- [Dataset excerpts]
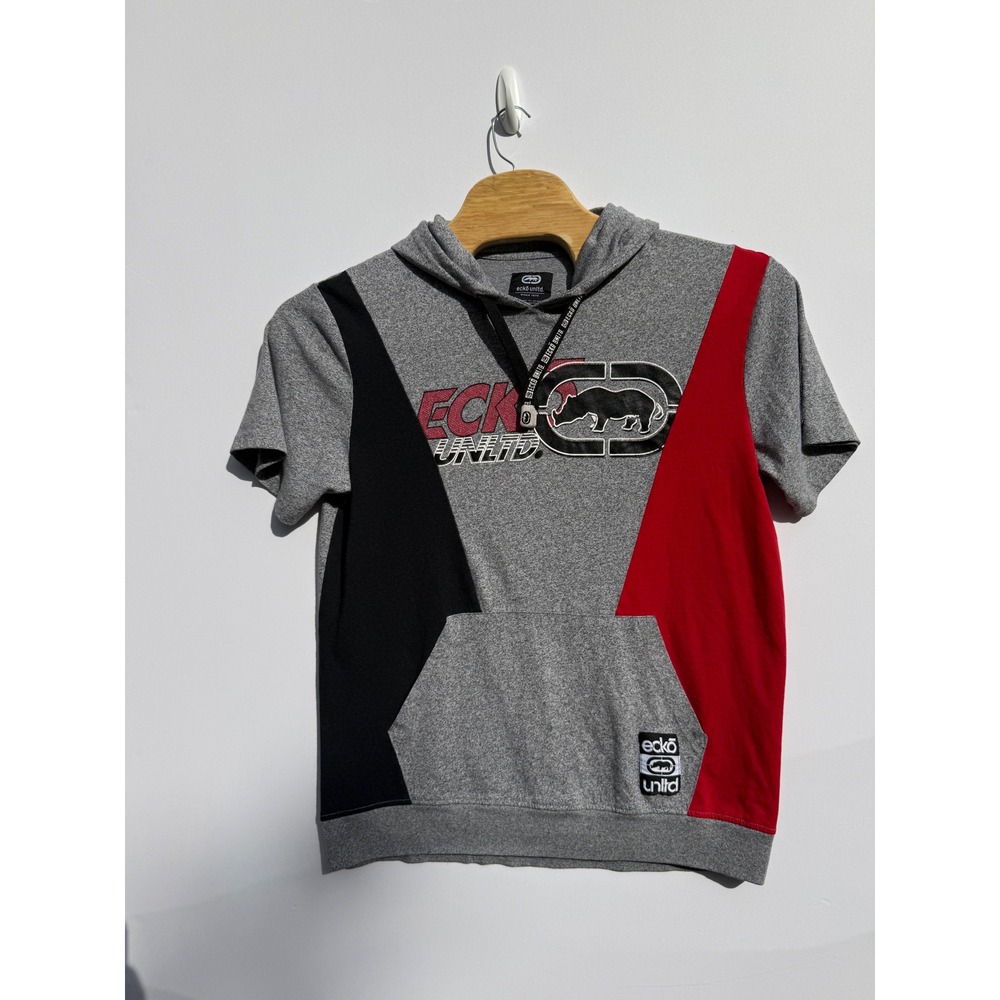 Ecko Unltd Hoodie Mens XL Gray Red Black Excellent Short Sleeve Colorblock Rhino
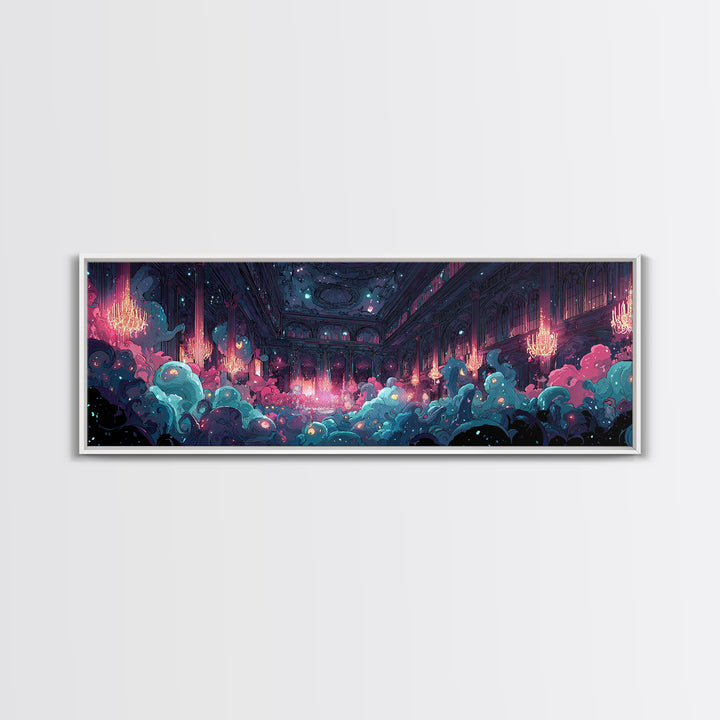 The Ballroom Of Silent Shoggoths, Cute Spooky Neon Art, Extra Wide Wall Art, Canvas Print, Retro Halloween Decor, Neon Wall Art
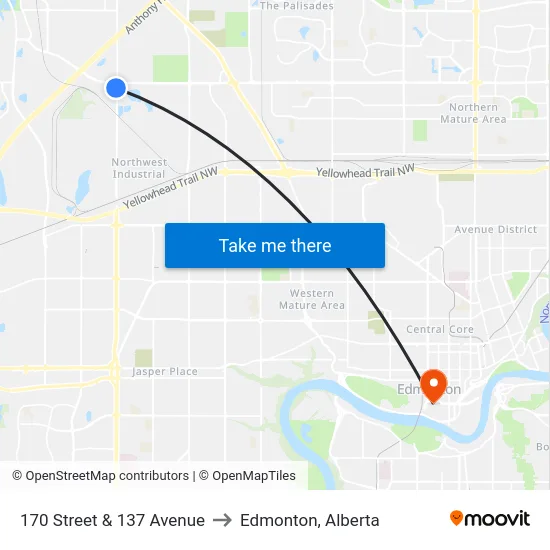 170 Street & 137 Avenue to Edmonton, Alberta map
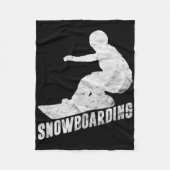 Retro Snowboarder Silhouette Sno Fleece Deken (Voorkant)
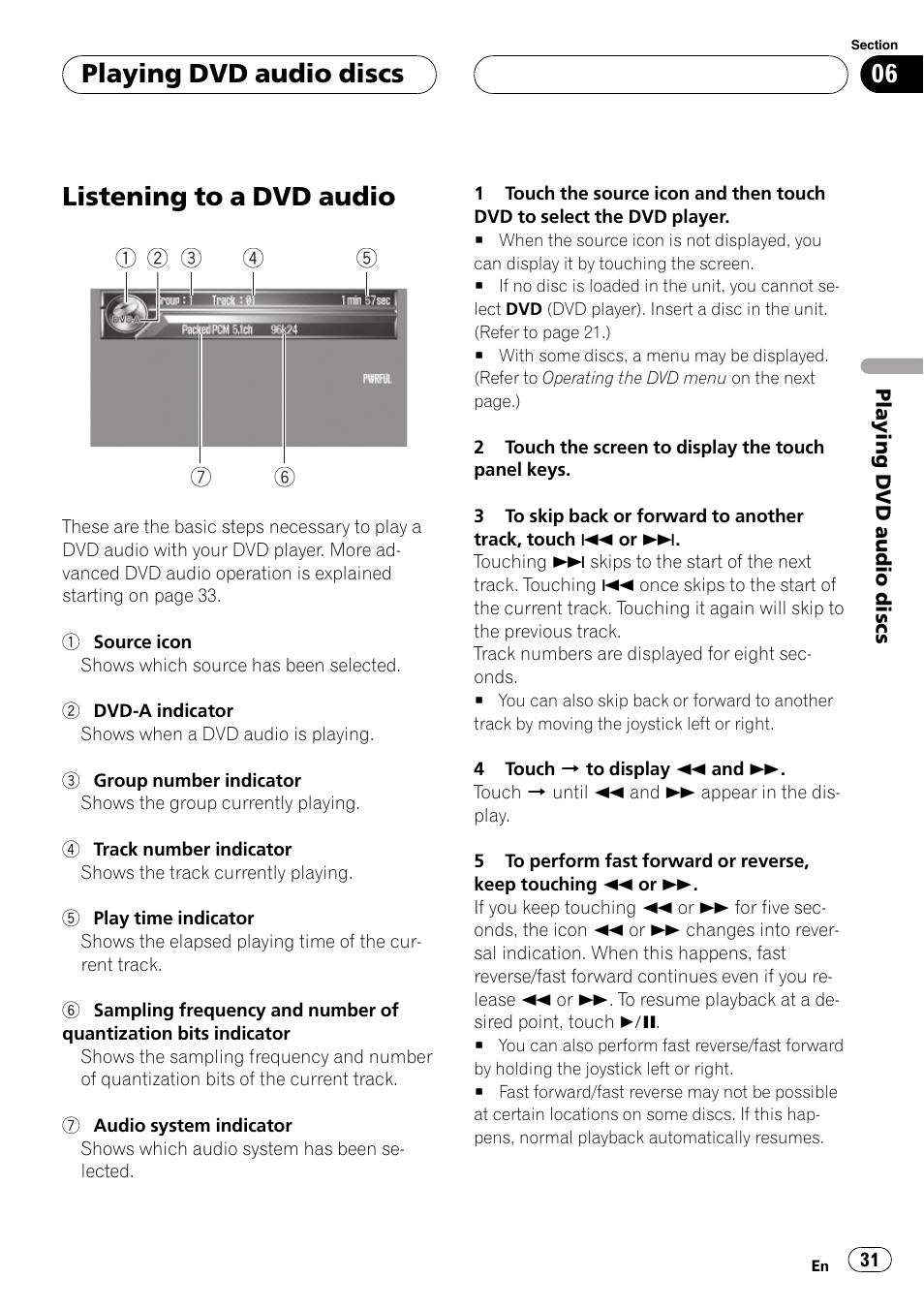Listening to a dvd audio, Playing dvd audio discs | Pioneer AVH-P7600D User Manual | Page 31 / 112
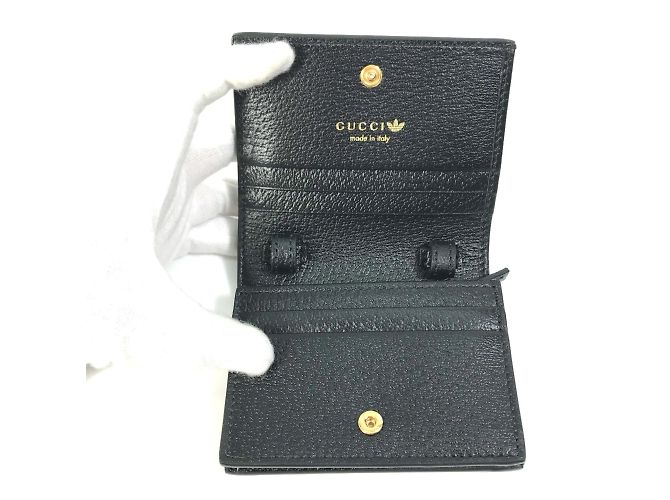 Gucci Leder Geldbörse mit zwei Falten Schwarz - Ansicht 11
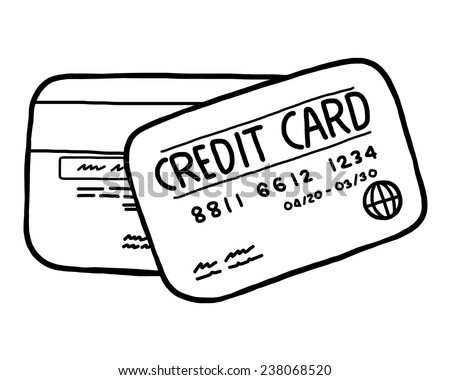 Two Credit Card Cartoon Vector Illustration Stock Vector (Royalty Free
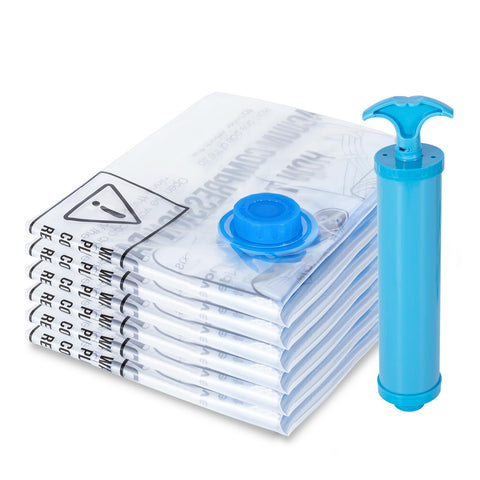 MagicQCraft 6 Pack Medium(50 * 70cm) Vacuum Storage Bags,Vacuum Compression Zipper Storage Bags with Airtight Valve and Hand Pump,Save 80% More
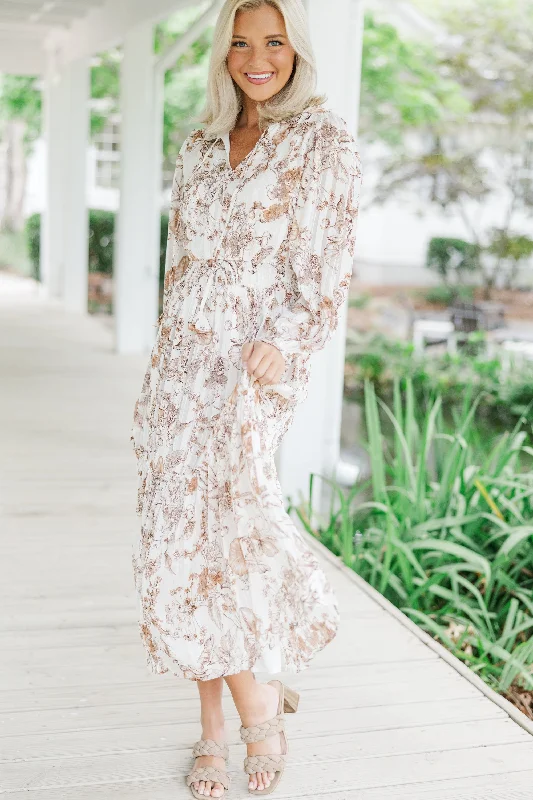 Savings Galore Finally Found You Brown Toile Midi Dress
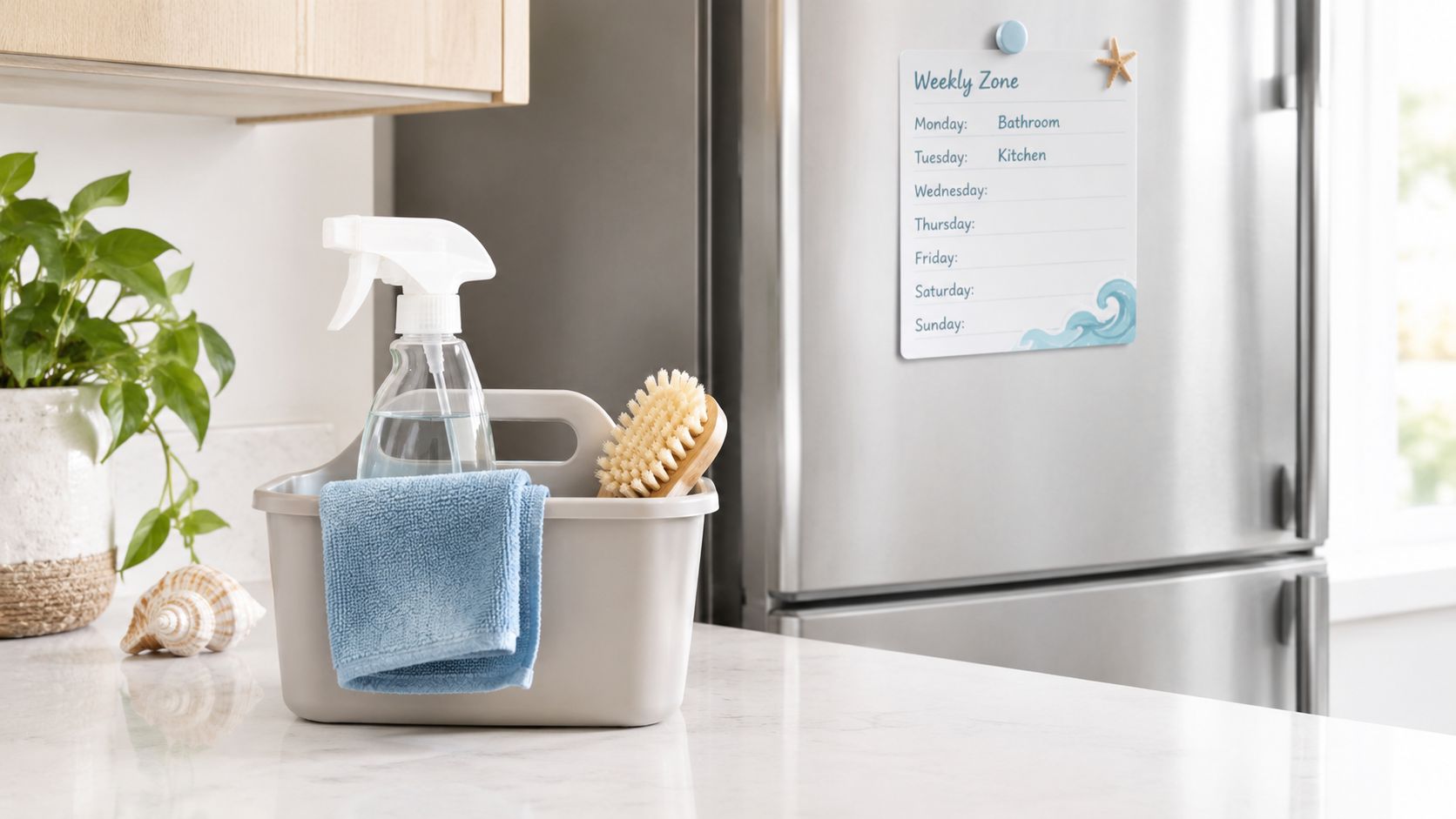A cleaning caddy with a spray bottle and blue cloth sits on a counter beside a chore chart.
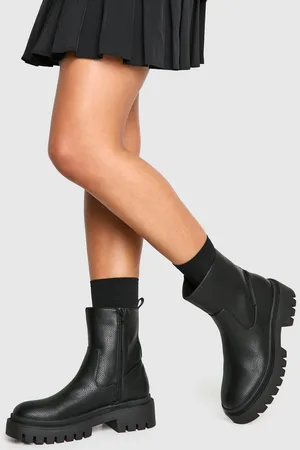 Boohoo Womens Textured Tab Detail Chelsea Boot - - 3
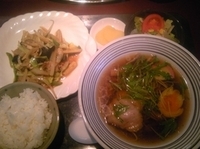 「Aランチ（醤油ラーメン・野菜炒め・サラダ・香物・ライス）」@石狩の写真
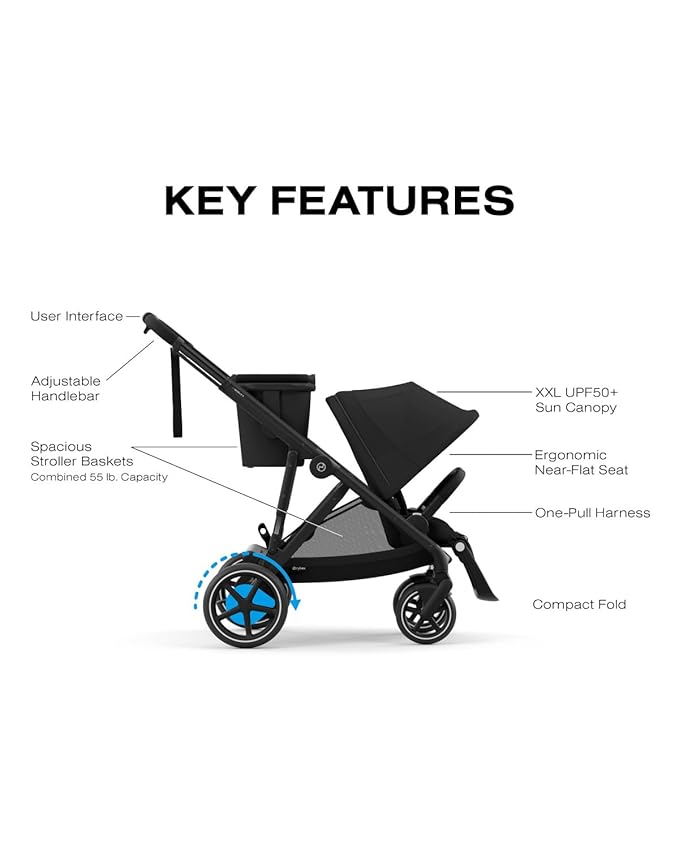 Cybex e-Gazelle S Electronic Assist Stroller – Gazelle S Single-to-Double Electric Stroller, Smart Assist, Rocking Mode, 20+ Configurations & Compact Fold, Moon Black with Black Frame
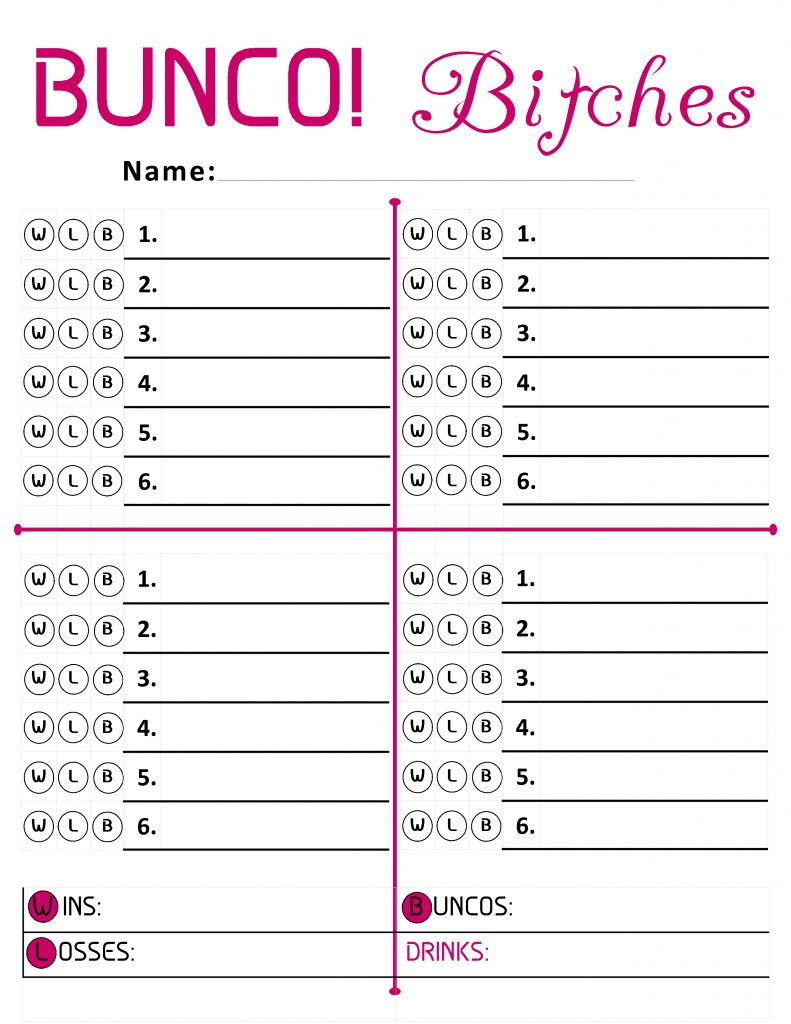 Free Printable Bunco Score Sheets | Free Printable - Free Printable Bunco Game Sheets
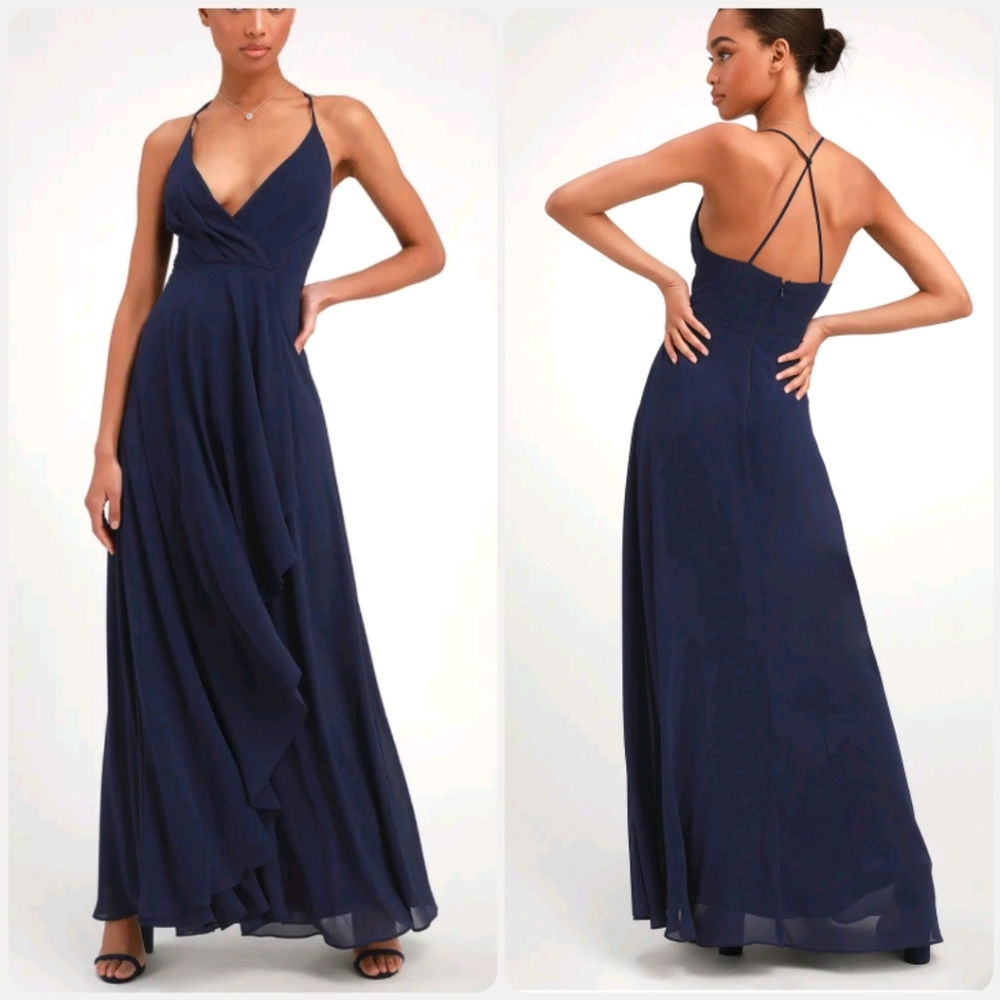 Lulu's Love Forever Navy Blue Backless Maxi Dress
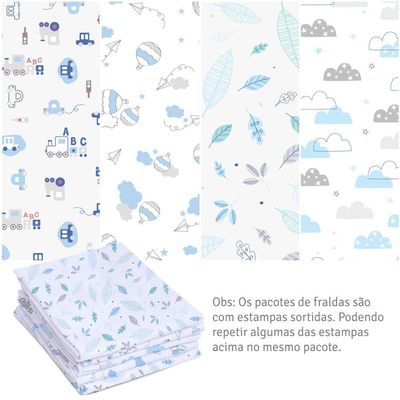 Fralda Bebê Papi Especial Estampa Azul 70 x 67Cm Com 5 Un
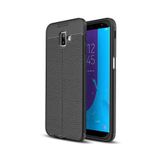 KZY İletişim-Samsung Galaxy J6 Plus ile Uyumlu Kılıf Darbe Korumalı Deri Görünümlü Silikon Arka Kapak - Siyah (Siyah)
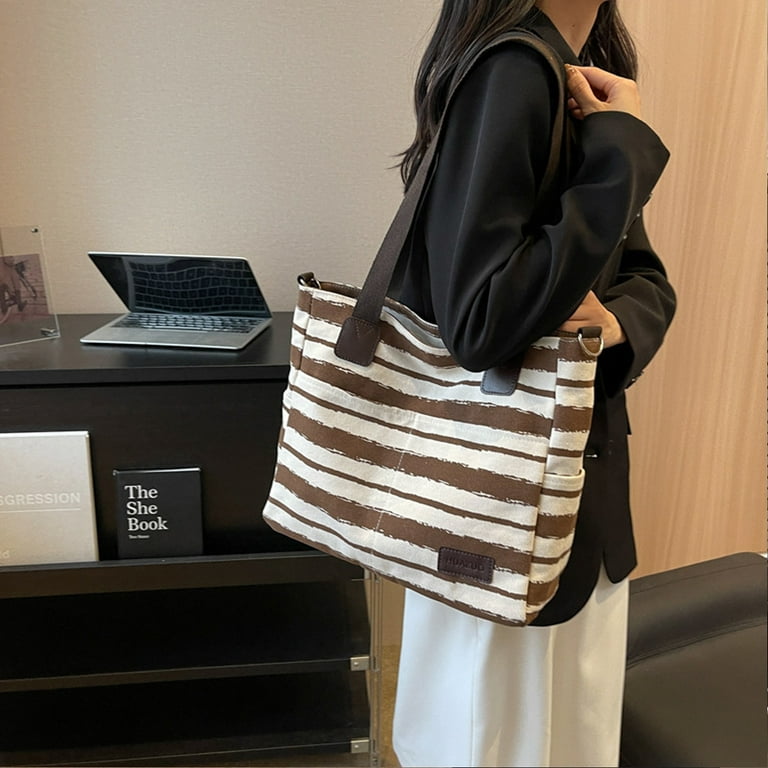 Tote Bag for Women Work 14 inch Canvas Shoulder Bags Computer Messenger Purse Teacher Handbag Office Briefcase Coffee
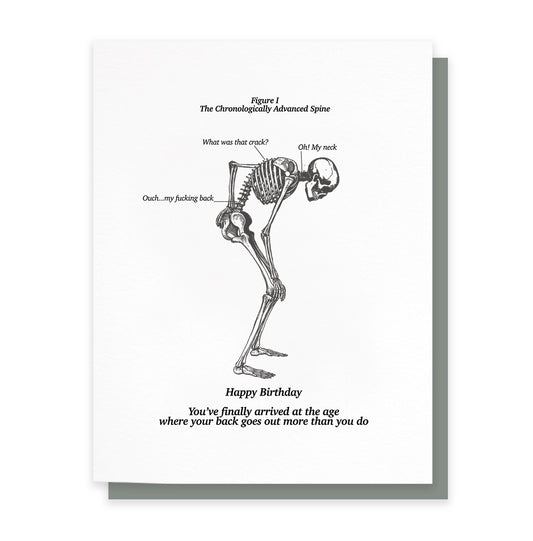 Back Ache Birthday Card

- [Exercise]
All that belongs in the answer is the lines from the line with "MagicQCraft 6 Pack" through the closing line of the entries, inclusive, transcribed exactly and free of pictures.

- [Your solution]
 MagicQCraft 6 Pack Medium(50 * 70cm) Vacuum Storage Bags,Vacuum Compression Zipper Storage Bags with Airtight Valve and Hand Pump,Save 80% More
 Savings Galore Finally Found You Brown Toile Midi Dress
A cleaning caddy with a spray bottle and blue cloth sits on a counter beside a chore chart.
 Boohoo Womens Textured Tab Detail Chelsea Boot - - 3
 「Aランチ（醤油ラーメン・野菜炒め・サラダ・香物・ライス）」@石狩の写真
 Cybex e-Gazelle S Electronic Assist Stroller – Gazelle S Single-to-Double Electric Stroller, Smart Assist, Rocking Mode, 20+ Configurations & Compact Fold, Moon Black with Black Frame
 Free Printable Bunco Score Sheets | Free Printable - Free Printable Bunco Game Sheets
 Lulu's Love Forever Navy Blue Backless Maxi Dress
 Fralda Bebê Papi Especial Estampa Azul 70 x 67Cm Com 5 Un
 KZY İletişim-Samsung Galaxy J6 Plus ile Uyumlu Kılıf Darbe Korumalı Deri Görünümlü Silikon Arka Kapak - Siyah (Siyah)
 Tote Bag for Women Work 14 inch Canvas Shoulder Bags Computer Messenger Purse Teacher Handbag Office Briefcase Coffee
 Back Ache Birthday Card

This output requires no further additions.